I’ve never met Scrymgour, but I heard her speak at the last federal Labor conference, where she made a bold intervention serving notice on the Labor Party that it would have to start listening to indigenous people.
Scrymgour is an articulate woman in her early 40s and she has emerged rapidly as a very powerful advocate of indigenous people operating in the framework of the Labor Party.
The socialist approach to these questions should be to put much greater weight on the strategic decisions of proven indigenous leaders, such as Pat Turner, Naomi Myers, Marion Scrymgour and many others on the left of the indigenous movement.
I give no weight at all to the ignorant left talk of Tognolini and some others.
February 17, 2008
After a week of discussion and argument the issue of the DSP’s Green Left Weekly that went up on the web this evening is a breath of fresh air, up to a point, as is the linked Green Left discussion site.

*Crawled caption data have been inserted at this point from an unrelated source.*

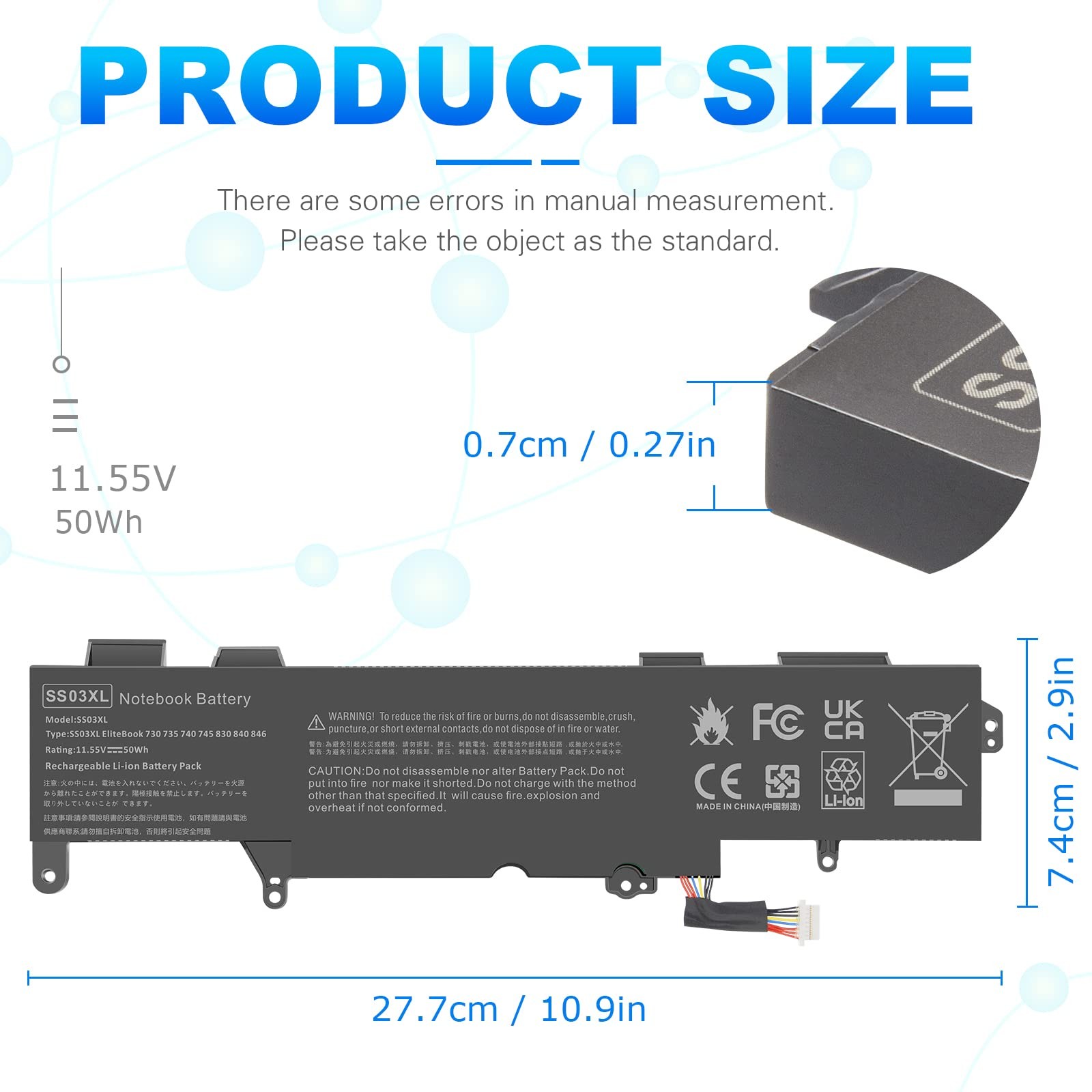 TREE.NB SS03XL Battery for HP EliteBook 840 G5 G6 730 735 740 933321-855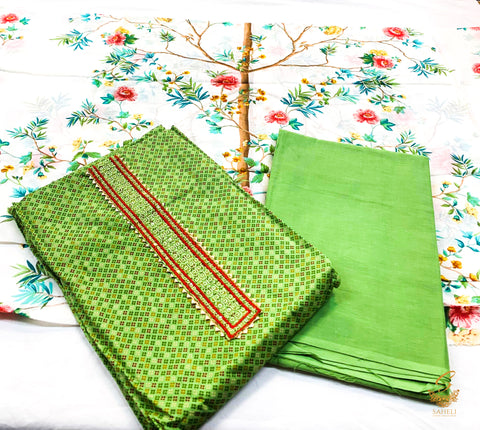 Lime green colour pure cotton based printed suit with beautiful print dupatta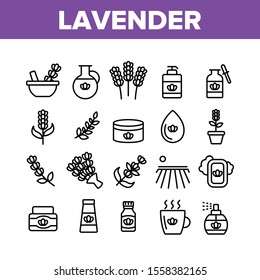 Lavender Collection Elements Icons Set Vector Thin Line. Lavender Flower And Drop, Container With Cosmetic Creme And Bottle With Perfume. Concept Linear Pictograms. Monochrome Contour Illustrations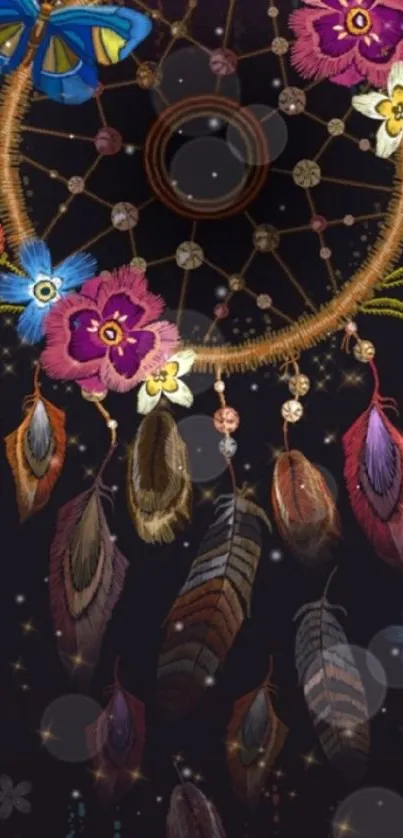 Vibrant dreamcatcher art with feathers and flowers.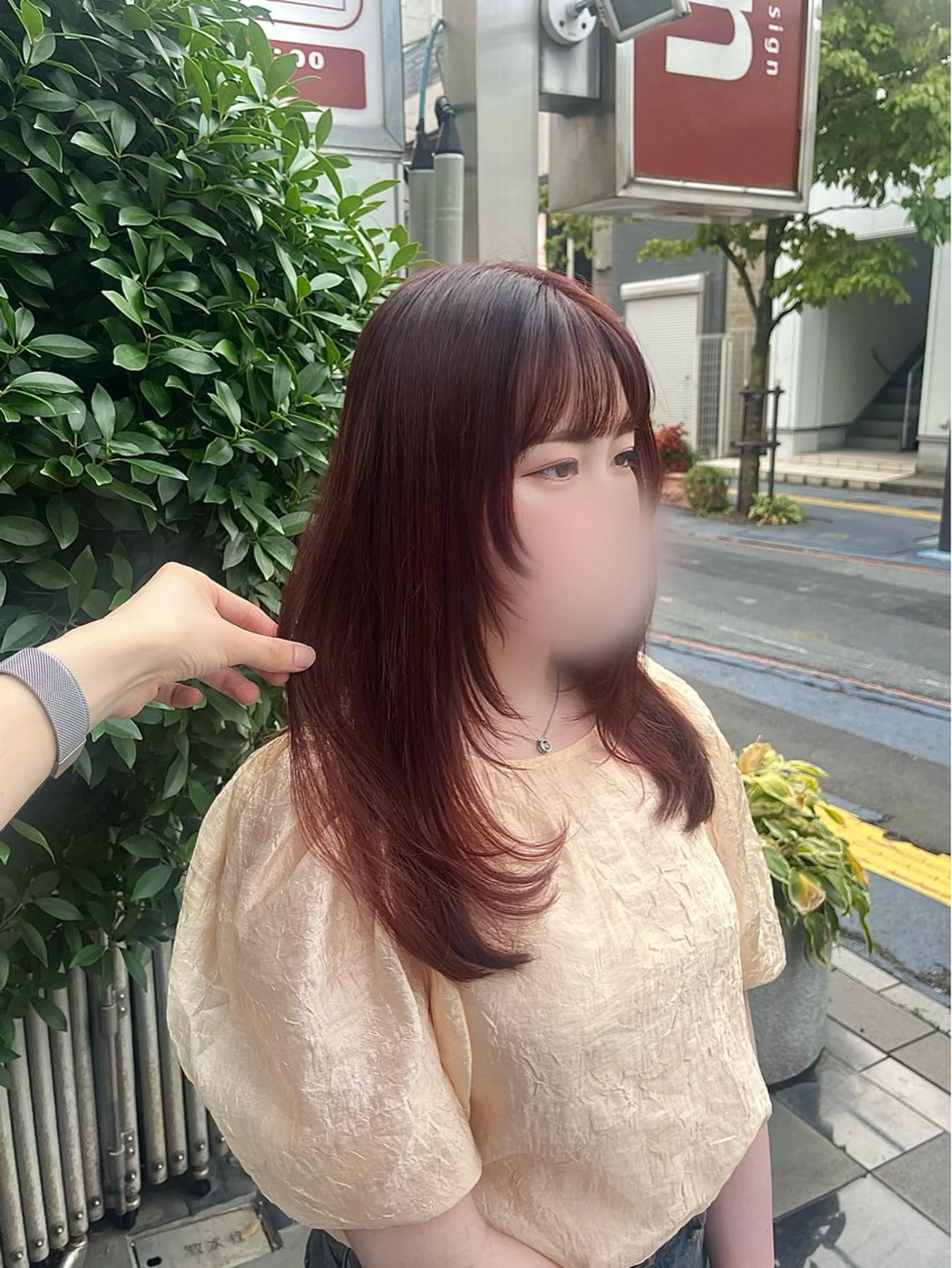ロング カラー ルビー レイヤーカット カット ヘアカラー トリートメント 💎森 ハリス誠一💎のヘアスタイル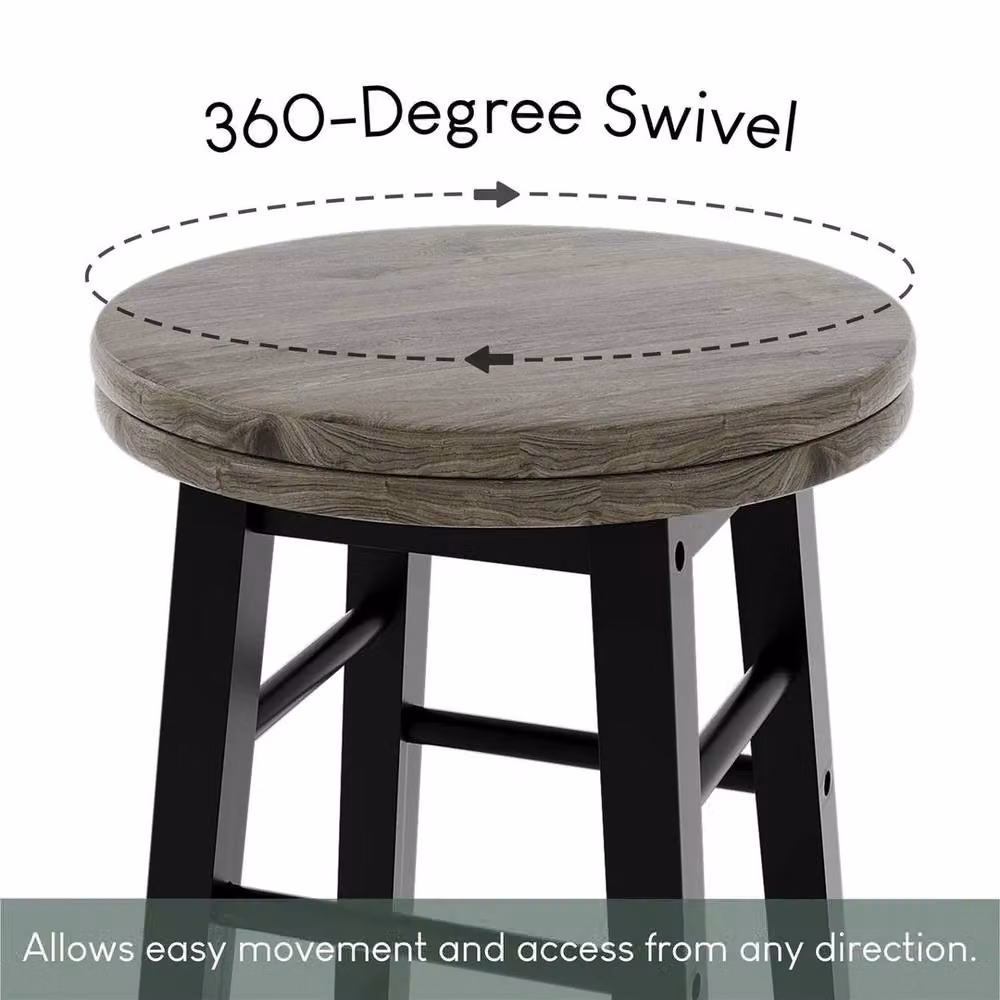 Kelvenix Black Wood Revolving Bar Stool – 3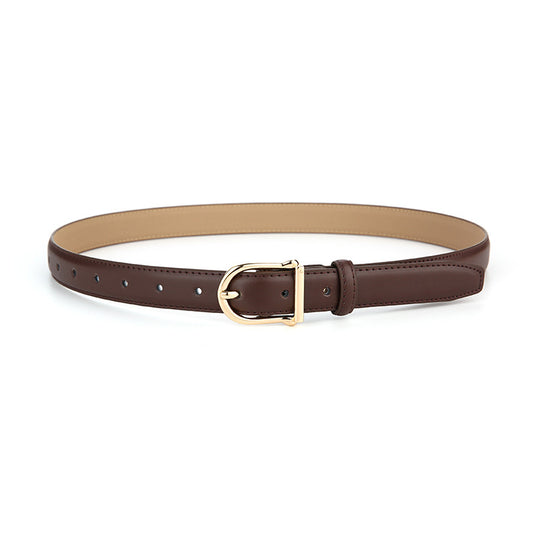Women's Genuine Leather Thin Belt 2.3cm Width Minimalist Gold D-Shaped Buckle Casual Waist Strap for Jeans Dresses Coffee 105cm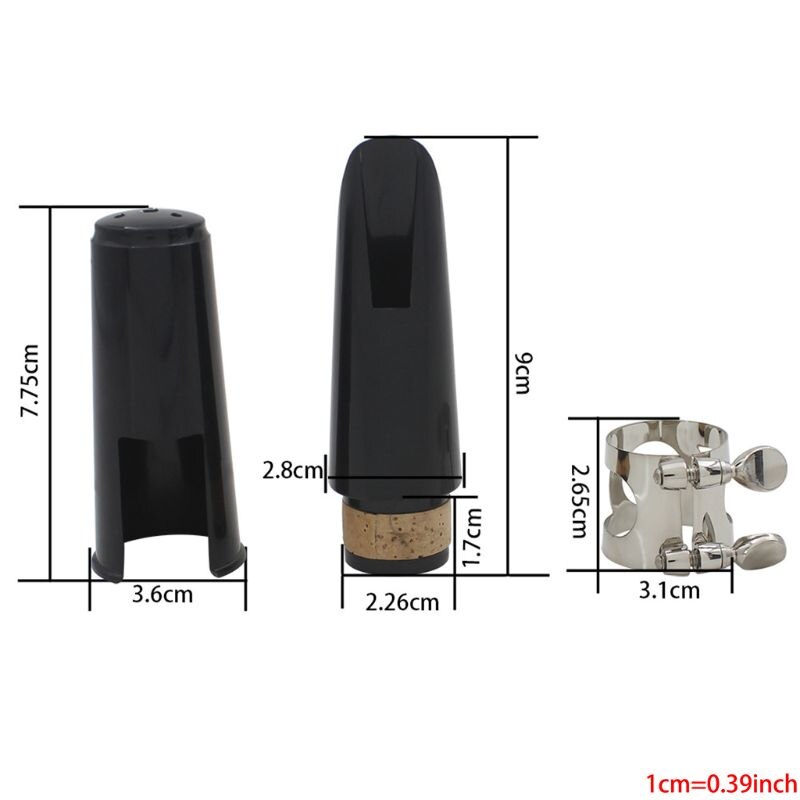 Clarinet Mouthpiece Kit with Ligature,one Reed and Plastic Cap~black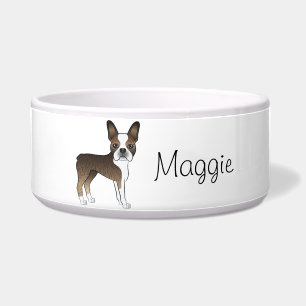 Brindle Boston Terrier Cute Cartoon Dog And Name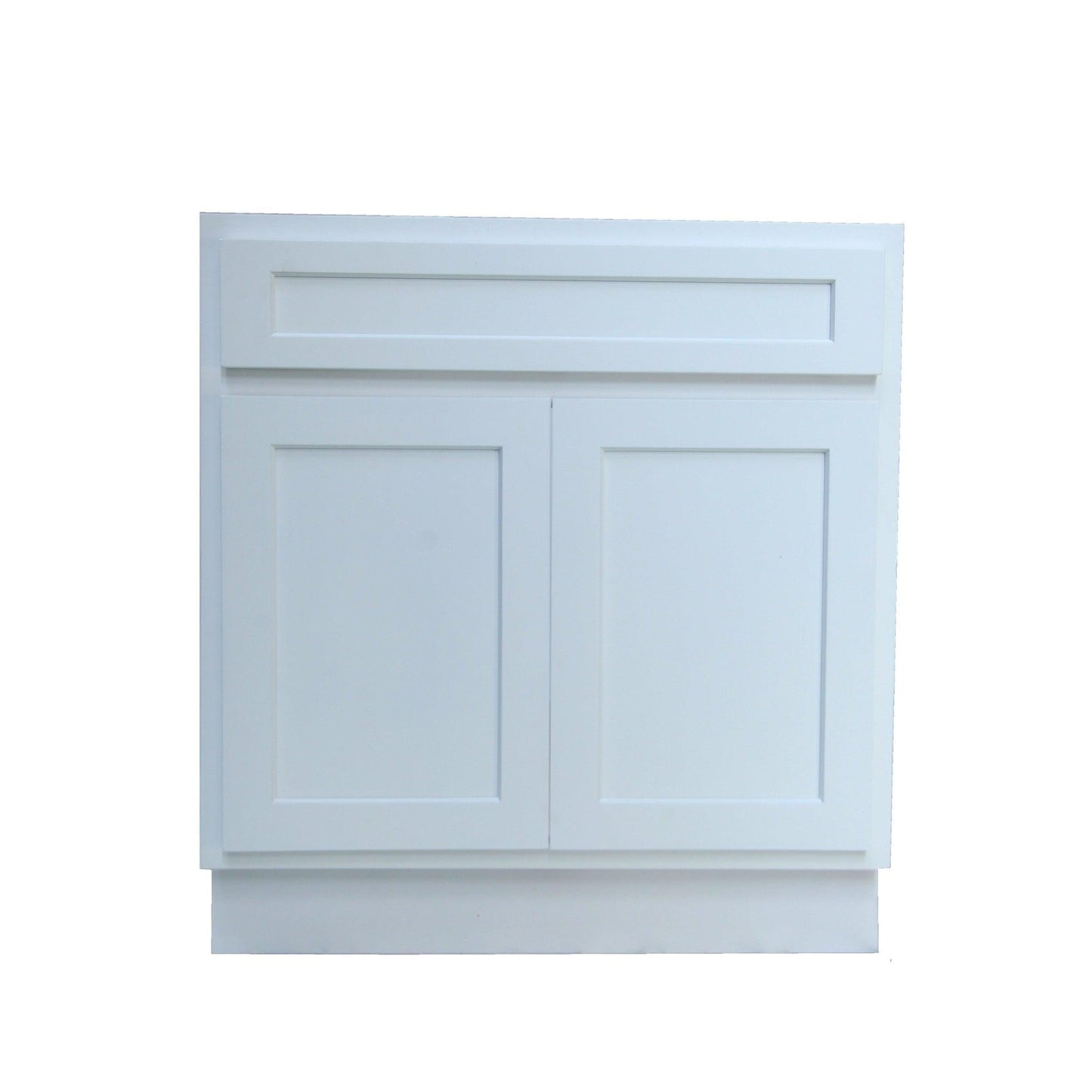 Vanity Art 30" White Freestanding Solid Wood Vanity Cabinet With Double Soft Closing Doors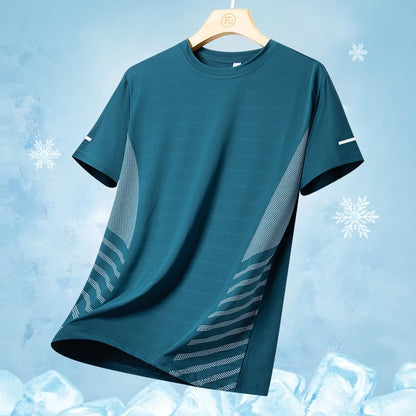 Men clothing  Ice Silk Thin Short Sleeve Quick Drying T-shirt for Men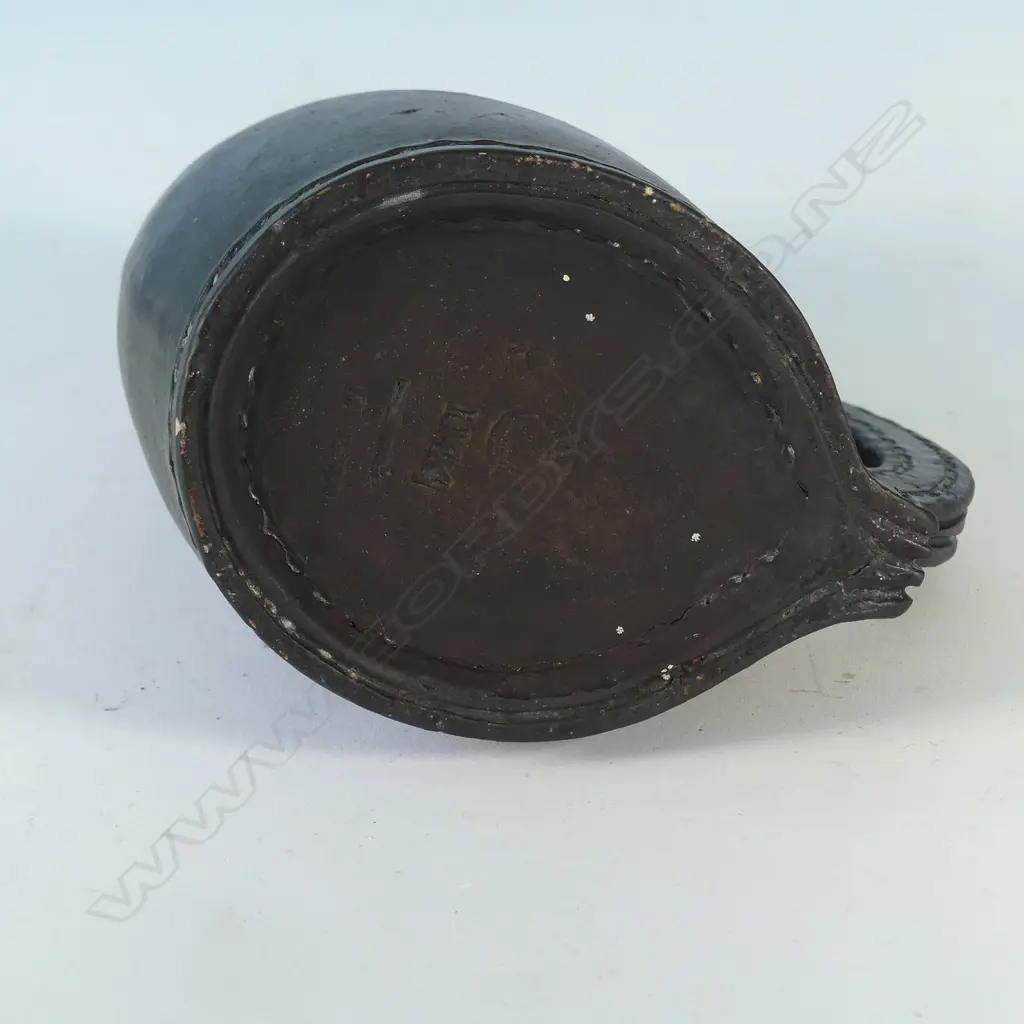 DOULTON 'STITCHED LEATHER' JUG WITH STERLING SILVER COLLAR (CHESTER 1912) H.160mm Image 1++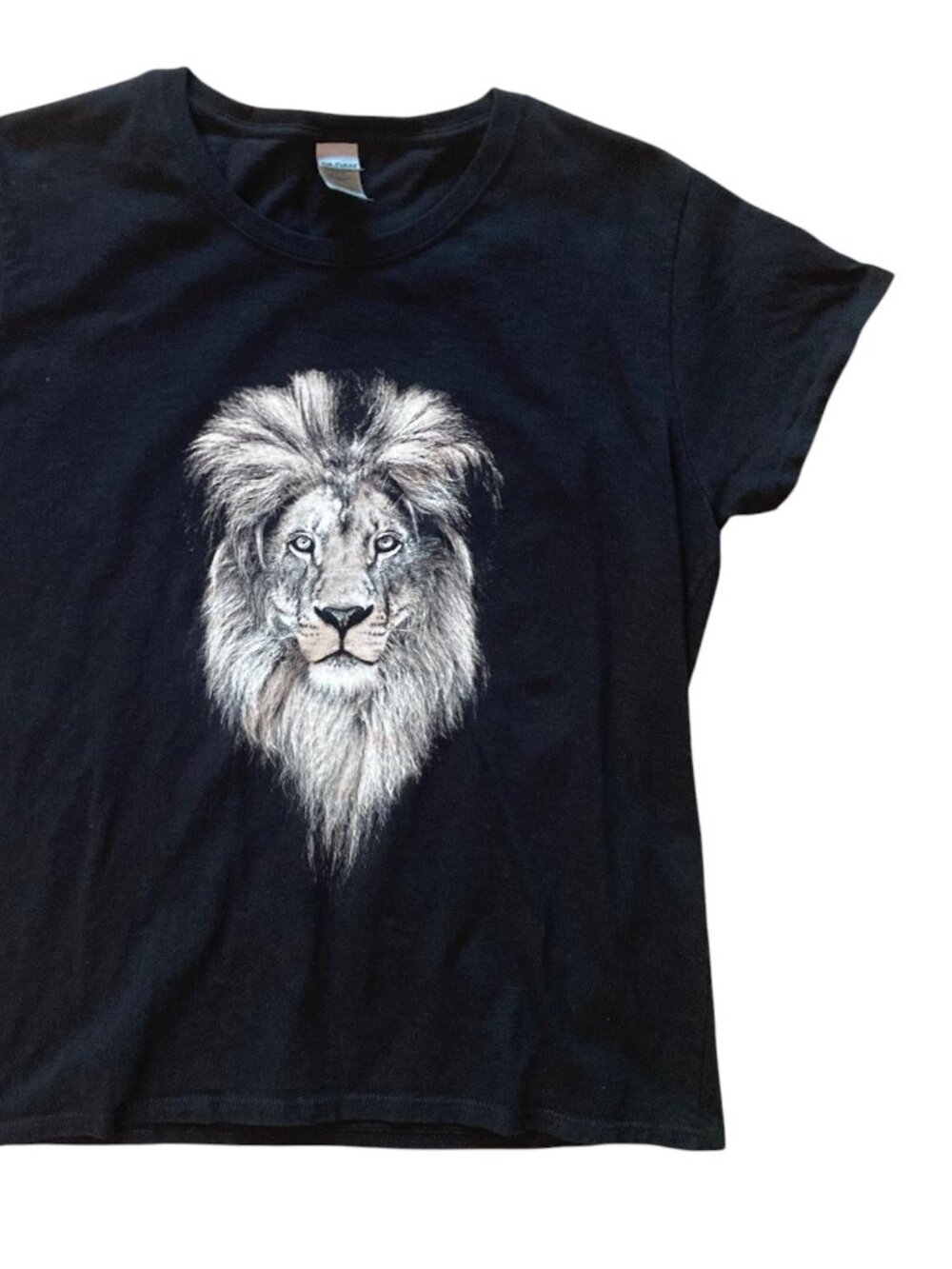 Women's Lion Face Graphic Tee T-Shirt BLACK Size XL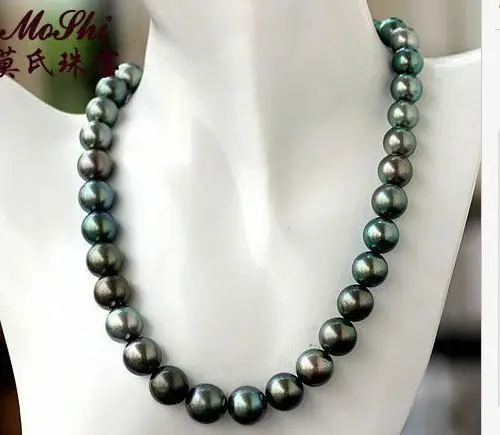 

stunning AAA11-12mm tahitian round black green pearl necklace 18inch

Firstly, the main line article on the apology to indigenous Australians, written by Peter Robson, provides sensible and comprehensive coverage of the issues without any sanctimonious finger-wagging.
As it’s my impression that Robson was one of the DSP bloggers early in the week who had a fairly negative approach to the then-projected apology, this marks a change for him and the DSP leadership, and I applaud them both for it.
Despite what they may say about their line having not changed (it’s de rigueur for them to continue to say that) this is an entirely healthy development.
The major factor in this change is probably a more sensible appraisal of the response of the vast majority indigenous people and the militants at the indigenous convergence in Canberra. A secondary factor is some sharp commentary in the initial posts on the web early in the week, not just by me, but also by others.
Whatever the reasons, I applaud the currently more sensible approach.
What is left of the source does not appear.